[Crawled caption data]
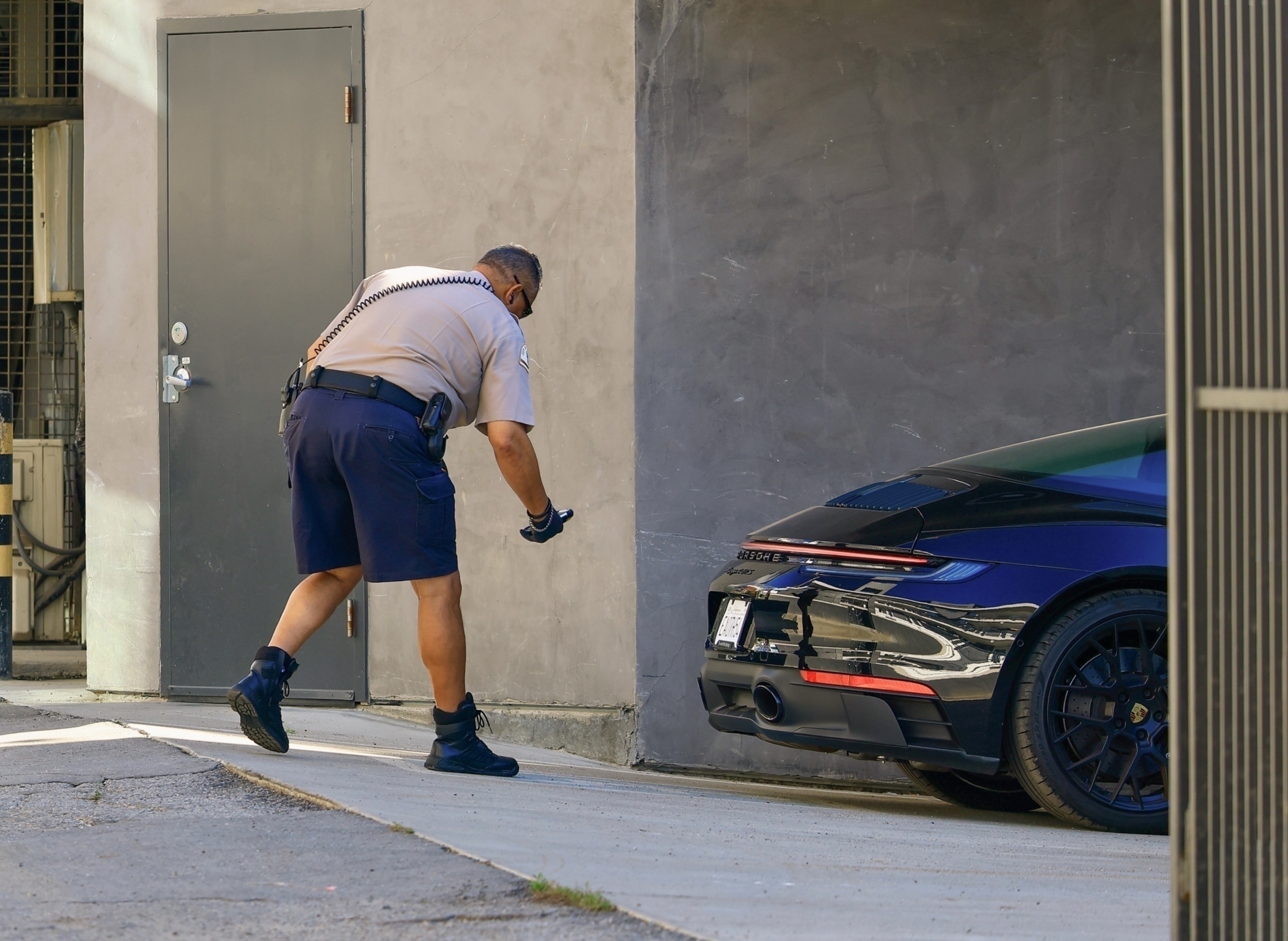 A man, a parking officer, issues a citation for a car in a handicap spot.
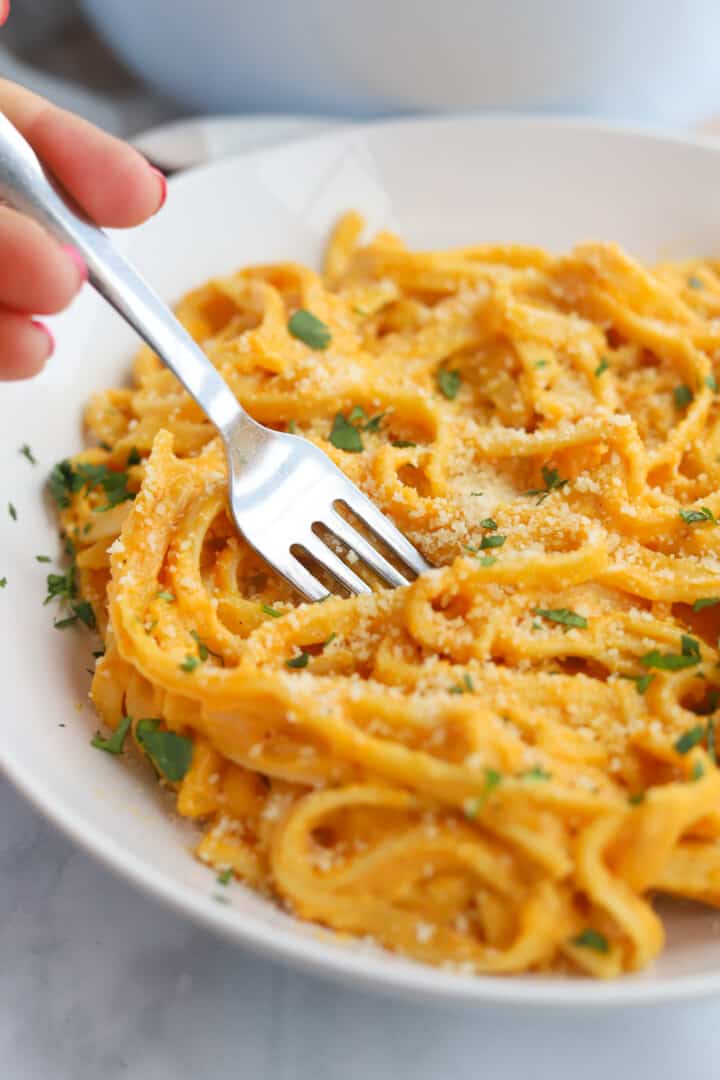 using a fork to eat the pumpkin pasta.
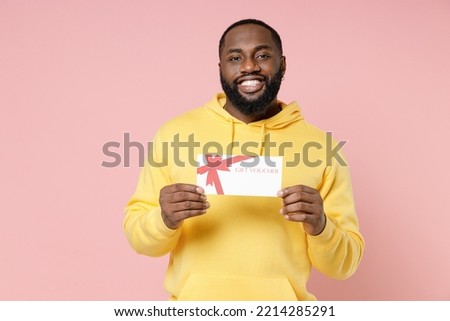 Smiling cheerful young african american man 20s wearing casual yellow streetwear hoodie standing hold in hand gift certificate looking camera isolated on pastel pink color background studio portrait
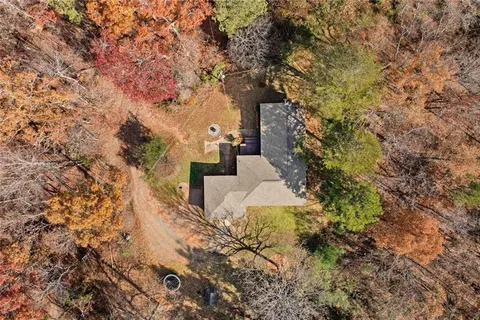 an aerial view of a house with yard and trees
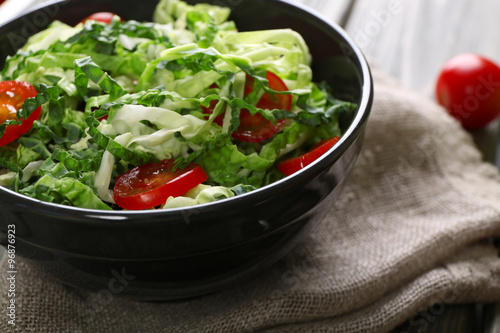 Savoy cabbage and tomato salad served in bowl on wooden table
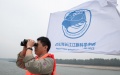A researcher uses a pair of binoculars to conduct monitoring work during a scientific expedition on Yangtze finless porpoises at the Shishou section of the Yangtze River, central China's Hubei Province. Photo by Xinhua/Xiao Yijiu.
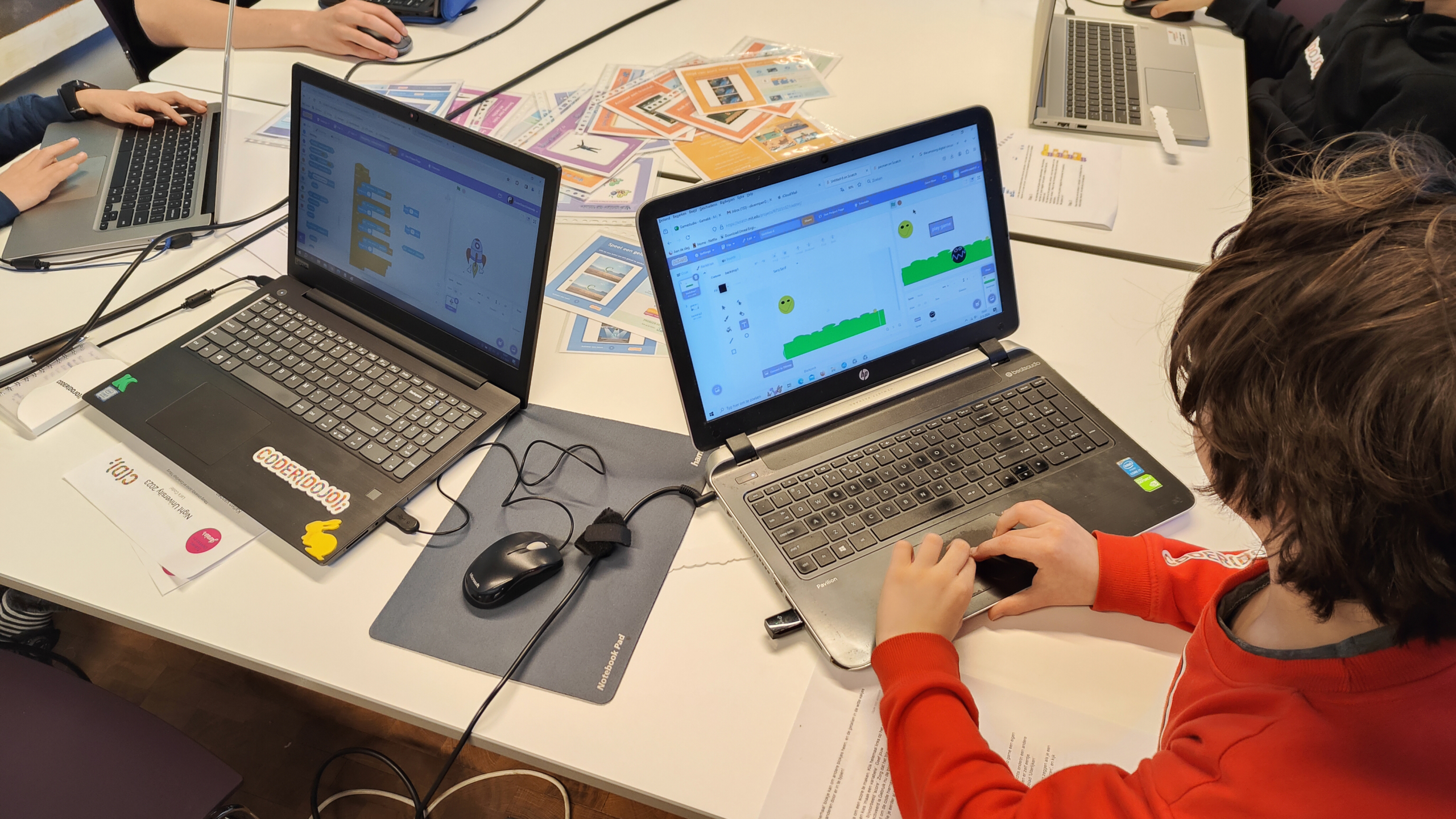 Kinderen werken aan laptops aan een programmeerproject in een klaslokaal.
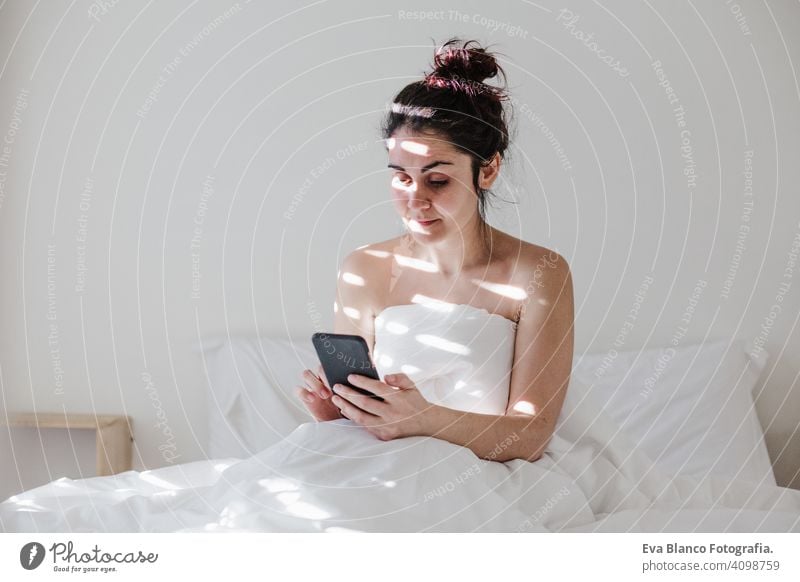 attractive young caucasian woman relaxing well in bed during morning time. Lady using mobile phone in bedroom technology white sheets arousing call talking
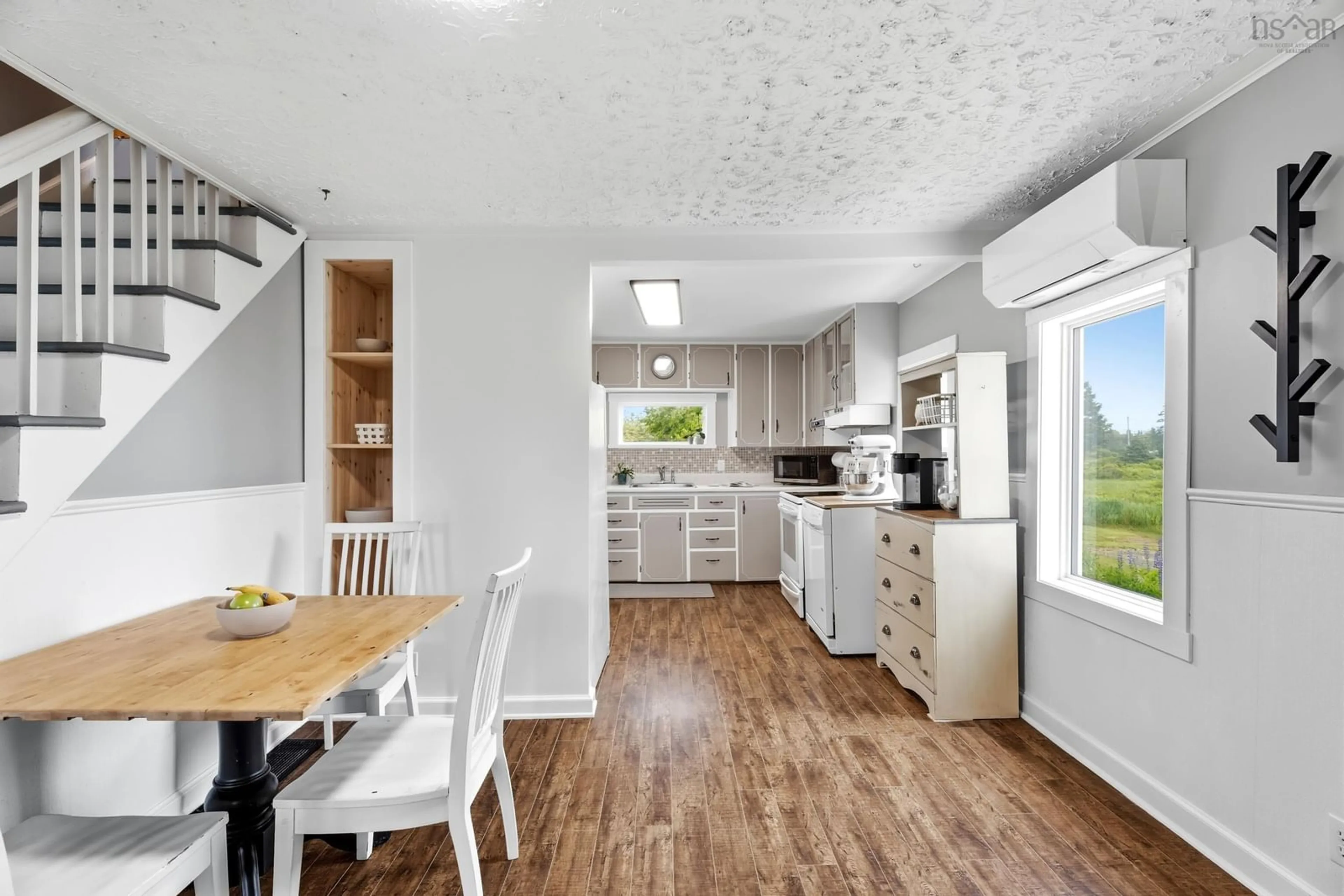 Open concept kitchen, wood/laminate floor for 1729 Ketch Harbour Rd, Sambro Nova Scotia B3V 1L6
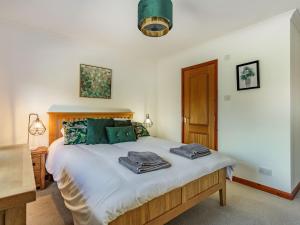 a bedroom with a bed with towels on it at Craigievar in Cruden Bay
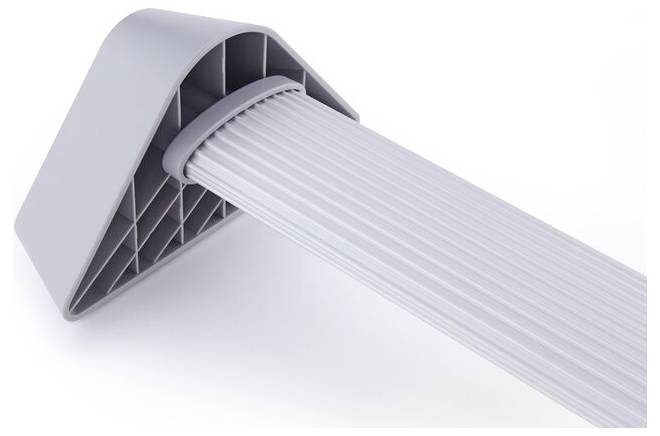 A grey plastic corner protector with a ribbed surface, used to protect wall edges or as an impact guard.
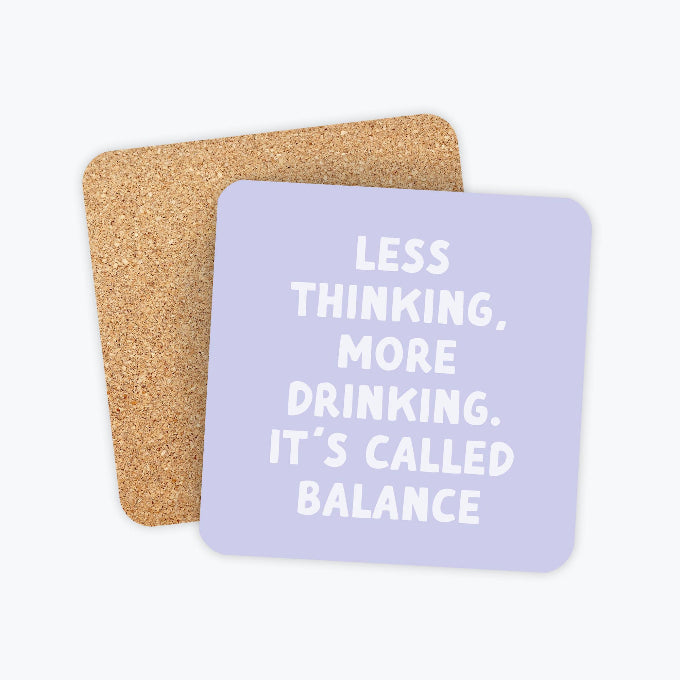 Two square cork coasters with rounded corners, one in front of the other. The front coaster is light lavender with white text reading 'LESS THINKING, MORE DRINKING.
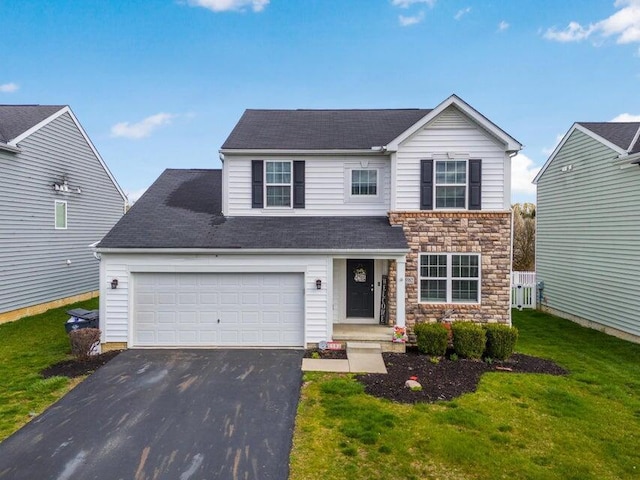 5582 Freedom Run, Orient, OH 43146 - traditional-style house featuring a front yard, driveway, stone siding, and a shingled roof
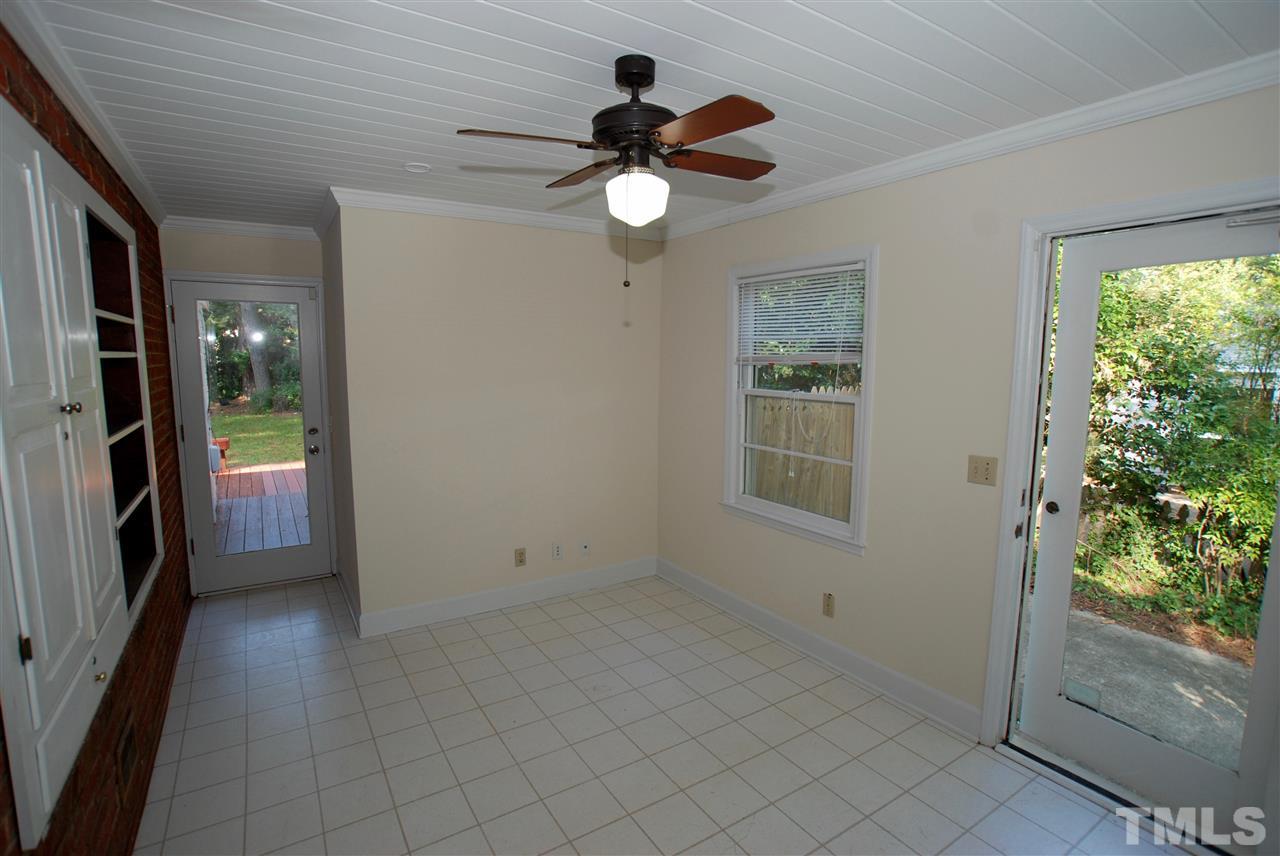 3404 Cherry Lane Raleigh, NC 27607 - Photo 10 of 19 a view of empty room with window and ceiling fan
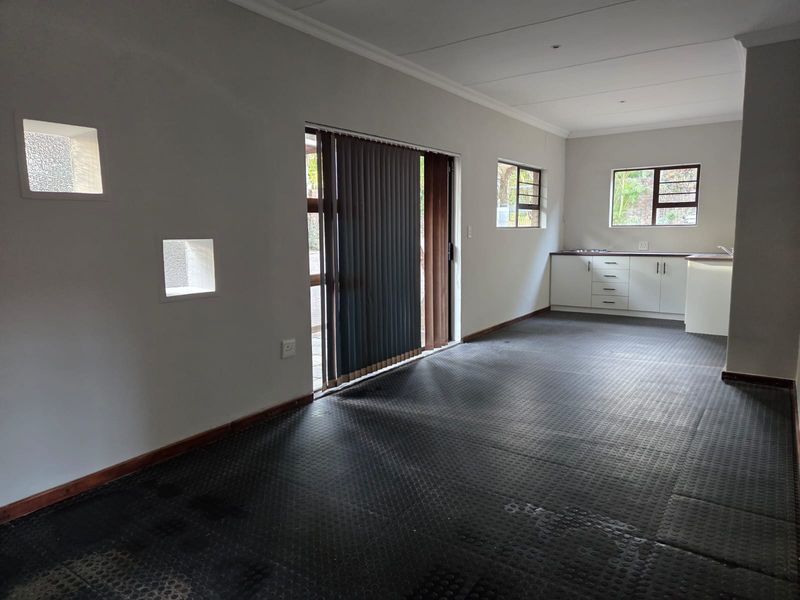 An open-plan living and kitchen area featuring neutral walls, durable rubber flooring, and direct access to the exterior through a sliding glass door.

§ **ASSIGNMENT**:
Within the data above, repeat exactly the lines from the one bearing "Smiling cheerful young" through the one bearing "Two square cork". Include no pictures and nothing else.

§ **ANSWER TO THIS TASK**:
 Smiling cheerful young african american man 20s wearing casual yellow streetwear hoodie standing hold in hand gift certificate looking camera isolated on pastel pink color background studio portrait
 an aerial view of a house with yard and trees
 Savoy cabbage and tomato salad served in bowl on wooden table
A researcher uses a pair of binoculars to conduct monitoring work during a scientific expedition on Yangtze finless porpoises at the Shishou section of the Yangtze River, central China's Hubei Province. Photo by Xinhua/Xiao Yijiu.
 Kinderen werken aan laptops aan een programmeerproject in een klaslokaal.
 attractive young caucasian woman relaxing well in bed during morning time. Lady using mobile phone in bedroom technology white sheets arousing call talking
 Open concept kitchen, wood/laminate floor for 1729 Ketch Harbour Rd, Sambro Nova Scotia B3V 1L6
 a bedroom with a bed with towels on it at Craigievar in Cruden Bay
 A grey plastic corner protector with a ribbed surface, used to protect wall edges or as an impact guard.
 Two square cork coasters with rounded corners, one in front of the other. The front coaster is light lavender with white text reading 'LESS THINKING, MORE DRINKING.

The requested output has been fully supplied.